A unique role for p53 in the regulation of M2 macrophage polarization.

Macrophages have key roles in the response to stress, injury, infection and inflammation. The M1 (classically activated macrophages) are induced by lipopolysaccharide (LPS) and cytokines such as interferon-γ (IFNγ) and characterized by the expression of a wide range of proinflammatory genes. M2 (alternatively activated macrophages) are induced by T helper type 2 (Th2) cytokines such as interleukin-4 (IL4) and IL13 and express high levels of anti-inflammatory and tissue repair marker genes. M2 macrophages perform immunoregulatory functions including defense against infection, promotion of angiogenesis and wound healing.1 Macrophages exist on a continuum between M1 and M2 subtypes undergoing dynamic changes between these different functional states depending on changes in their microenvironment. This ‘plasticity' involves extensive changes in macrophage gene sets and provides the potential to develop drugs to manipulate the macrophage subtype.2 As such, macrophage polarization, and its molecular basis, has been vigorously researched in recent years.

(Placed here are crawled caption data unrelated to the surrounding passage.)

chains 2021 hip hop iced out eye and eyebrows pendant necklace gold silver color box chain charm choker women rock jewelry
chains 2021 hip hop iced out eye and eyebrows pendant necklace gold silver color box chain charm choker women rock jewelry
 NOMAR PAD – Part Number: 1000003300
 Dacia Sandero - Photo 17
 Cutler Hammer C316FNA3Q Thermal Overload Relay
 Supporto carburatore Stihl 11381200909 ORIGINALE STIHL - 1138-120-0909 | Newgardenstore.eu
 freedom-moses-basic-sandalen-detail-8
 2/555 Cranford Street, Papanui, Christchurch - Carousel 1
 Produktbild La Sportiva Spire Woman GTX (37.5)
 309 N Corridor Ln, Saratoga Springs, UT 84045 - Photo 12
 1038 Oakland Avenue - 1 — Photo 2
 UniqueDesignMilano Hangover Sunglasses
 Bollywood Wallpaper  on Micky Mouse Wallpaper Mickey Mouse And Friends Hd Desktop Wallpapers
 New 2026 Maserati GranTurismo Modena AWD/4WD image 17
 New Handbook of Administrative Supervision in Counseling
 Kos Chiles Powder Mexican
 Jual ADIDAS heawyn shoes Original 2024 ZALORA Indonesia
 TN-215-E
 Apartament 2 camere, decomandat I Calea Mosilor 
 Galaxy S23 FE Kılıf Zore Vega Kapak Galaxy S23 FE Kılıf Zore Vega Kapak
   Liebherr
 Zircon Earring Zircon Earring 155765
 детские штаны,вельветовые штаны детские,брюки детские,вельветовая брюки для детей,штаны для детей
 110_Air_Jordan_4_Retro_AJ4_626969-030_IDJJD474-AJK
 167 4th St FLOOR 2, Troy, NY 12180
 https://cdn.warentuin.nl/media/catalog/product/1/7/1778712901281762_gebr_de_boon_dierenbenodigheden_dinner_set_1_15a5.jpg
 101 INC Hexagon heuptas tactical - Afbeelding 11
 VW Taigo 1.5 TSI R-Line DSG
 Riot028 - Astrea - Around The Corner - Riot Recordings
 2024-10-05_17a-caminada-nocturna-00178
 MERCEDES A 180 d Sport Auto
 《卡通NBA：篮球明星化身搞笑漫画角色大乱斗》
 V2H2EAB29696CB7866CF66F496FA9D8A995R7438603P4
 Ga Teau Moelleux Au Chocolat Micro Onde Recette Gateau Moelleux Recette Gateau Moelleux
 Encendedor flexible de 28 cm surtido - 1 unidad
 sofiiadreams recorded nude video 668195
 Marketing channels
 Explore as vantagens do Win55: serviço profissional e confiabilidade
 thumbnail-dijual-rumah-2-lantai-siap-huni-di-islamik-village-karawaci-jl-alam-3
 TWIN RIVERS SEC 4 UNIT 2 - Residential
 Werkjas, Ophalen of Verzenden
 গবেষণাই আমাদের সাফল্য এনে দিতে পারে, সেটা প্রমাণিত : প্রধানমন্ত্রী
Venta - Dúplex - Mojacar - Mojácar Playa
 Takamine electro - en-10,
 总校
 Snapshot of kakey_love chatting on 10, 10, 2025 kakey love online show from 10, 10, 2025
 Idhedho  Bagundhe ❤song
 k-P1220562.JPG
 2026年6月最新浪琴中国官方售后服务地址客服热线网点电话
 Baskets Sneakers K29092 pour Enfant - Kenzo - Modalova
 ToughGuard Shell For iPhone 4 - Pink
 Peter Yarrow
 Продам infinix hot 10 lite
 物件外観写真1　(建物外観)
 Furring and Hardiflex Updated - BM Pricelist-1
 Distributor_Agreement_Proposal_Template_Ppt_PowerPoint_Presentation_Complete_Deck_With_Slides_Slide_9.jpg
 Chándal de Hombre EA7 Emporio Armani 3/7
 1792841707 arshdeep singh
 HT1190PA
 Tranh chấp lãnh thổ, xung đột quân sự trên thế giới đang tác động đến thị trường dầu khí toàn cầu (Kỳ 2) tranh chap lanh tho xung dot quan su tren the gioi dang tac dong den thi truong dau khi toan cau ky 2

P53 has a crucial role in cancer by controlling the expression of genes involved in apoptosis, cell cycle arrest, metabolism and DNA repair.3 While inflammation is increasingly recognized as a factor in determining the predisposition to cancer,4 the role of p53 in inflammation is not clear. Macrophages from p53−/− mice produce increased quantities of proinflammatory cytokines in response to LPS,5 while peritoneal macrophage count and susceptibility to lethal septic shock are increased in p53−/− mice administered LPS.6 Although a role for p53 in M1 macrophage function has been suggested, there is little information relating to its effect in M2 macrophages. We show here that p53 is important for IL4/IL13-activated M2 macrophage polarization and that this is largely due to repression of transcription of c-MYC (v-myc avian myelocytomatosis viral oncogene homolog) and a subset of its regulated genes.